Anatomy and Physiology of the Shoulder Joint

As medical director of The Center for Regenerative Medicine, Dr. Alimorad Farshchian treats many injuries and diseases of the shoulder. Dr. Alimorad Farshchian focuses on using cell therapy to treat the cartilage and other connective tissues.

A complex ball-and socket joint, the shoulder actually incorporates the movements of two interrelated joint structures. The first, the glenohumeral joint, functions where the humerus, or upper arm bone, meets the glenoid fossa of the scapula. This shallow joint depends on the rotator cuff muscles to support function and guard against dislocation. A ring of cartilage increases the joint’s flexibility, while area muscles, cartilage, and ligaments strengthen the joint itself.
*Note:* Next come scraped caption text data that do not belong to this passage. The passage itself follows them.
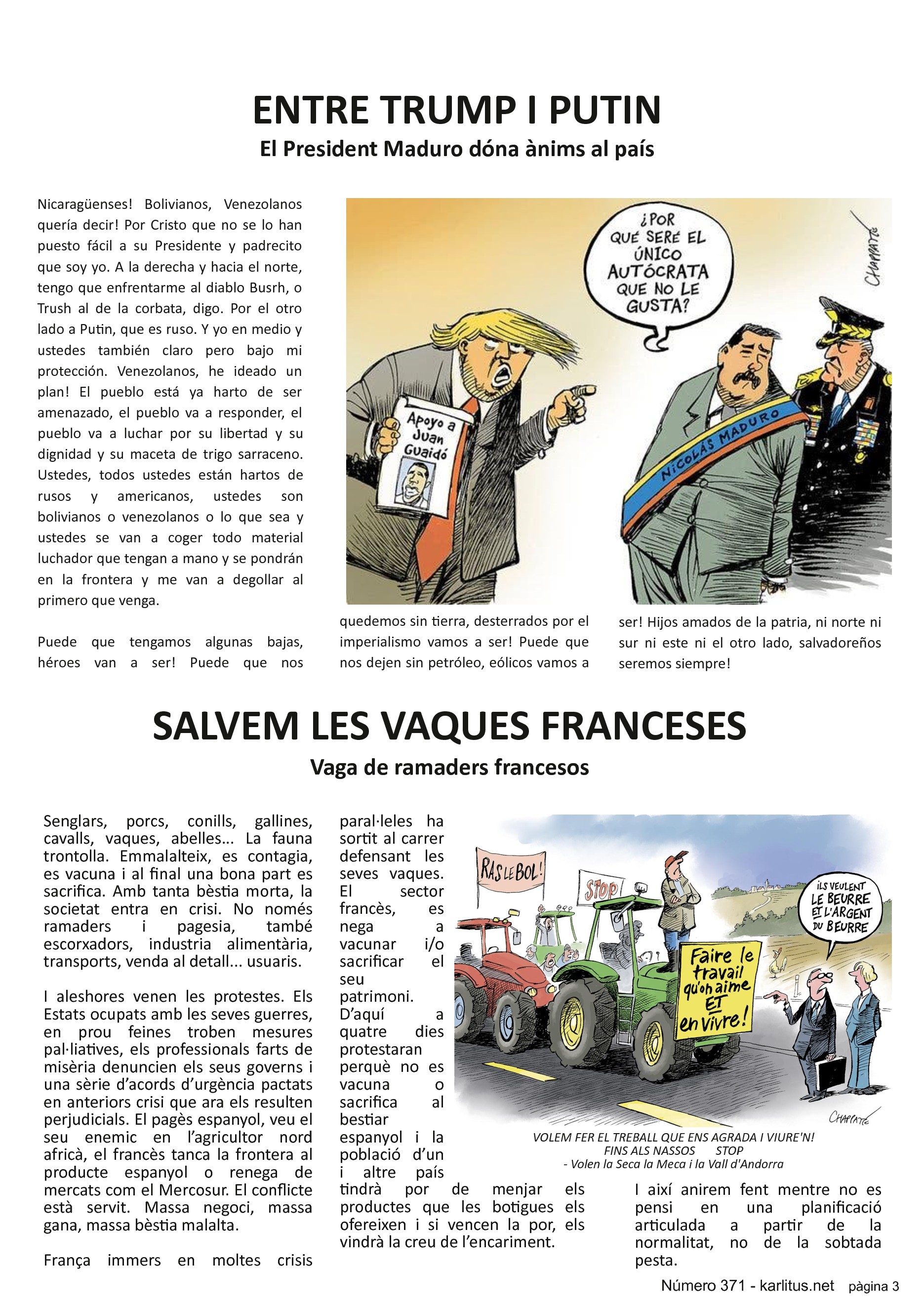 TERCERA PÀGINA


ENTRE TRUMP I PUTIN
El President Maduro dóna ànims al país
Nicaragüenses! Bolivianos, Venezolanos quería decir! Por Cristo que no se lo han puesto fácil a su Presidente y padrecito que soy yo. A la derecha y hacia el norte, tengo que enfrentarme al diablo Busrh, o Trush al de la corbata, digo. Por el otro lado a Putin, que es ruso. Y yo en medio y ustedes también claro pero bajo mi protección. Venezolanos, he ideado un plan! El pueblo está ya harto de ser amenazado, el pueblo va a responder, el pueblo va a luchar por su libertad y su dignidad y su maceta de trigo sarraceno. Ustedes, todos ustedes están hartos de rusos y americanos, ustedes son bolivianos o venezolanos o lo que sea y ustedes se van a coger todo material luchador que tengan a mano y se pondrán en la frontera y me van a degollar al primero que venga.

Puede que tengamos algunas bajas, héroes van a ser! Puede que nos quedemos sin tierra, desterrados por el imperialismo vamos a ser! Puede que nos dejen sin petróleo, eólicos vamos a ser! Hijos amados de la patria, ni norte ni sur ni este ni el otro lado, salvadoreños seremos siempre!


SALVEM LES VAQUES FRANCESES
Vaga de ramaders francesos
Senglars, porcs, conills, gallines, cavalls, vaques, abelles... La fauna trontolla. Emmalalteix, es contagia, es vacuna i al final una bona part es sacrifica. Amb tanta bèstia morta, la societat entra en crisi. No només ramaders i pagesia, també escorxadors, industria alimentària, transports, venda al detall... usuaris.

I aleshores venen les protestes. Els Estats ocupats amb les seves guerres, en prou feines troben mesures pal·liatives, els professionals farts de misèria denuncien els seus governs i una sèrie d’acords d’urgència pactats en anteriors crisi que ara els resulten perjudicials. El pagès espanyol, veu el seu enemic en l’agricultor nord africà, el francès tanca la frontera al producte espanyol o renega de mercats com el Mercosur. El conflicte està servit. Massa negoci, massa gana, massa bèstia malalta.

França immers en moltes crisis paral·leles ha sortit al carrer defensant les seves vaques.  El sector francès, es nega a vacunar i/o sacrificar el seu patrimoni. D’aquí a quatre dies protestaran perquè no es vacuna o sacrifica al bestiar espanyol i la població d’un i altre país tindrà por de menjar els productes que les botigues els ofereixen i si vencen la por, els vindrà la creu de l’encariment.

I així anirem fent mentre no es pensi en una planificació articulada a partir de la normalitat, no de la sobtada pesta.


The shoulder also receives much of its flexibility from the acromioclavicular (AC) joint, which is located where the clavicle’s lateral end meets a bony projection of the scapula. This projection, known as the acromion, connects with the clavicle to make a gliding joint that improves overall shoulder flexibility. The complexity of the shoulder as a whole makes it the most flexible joint in the human body, although the many delicate structures involved also make it vulnerable to dislocation. This frequently results from violent motions of the arm and can lead to surgery or permanent damage.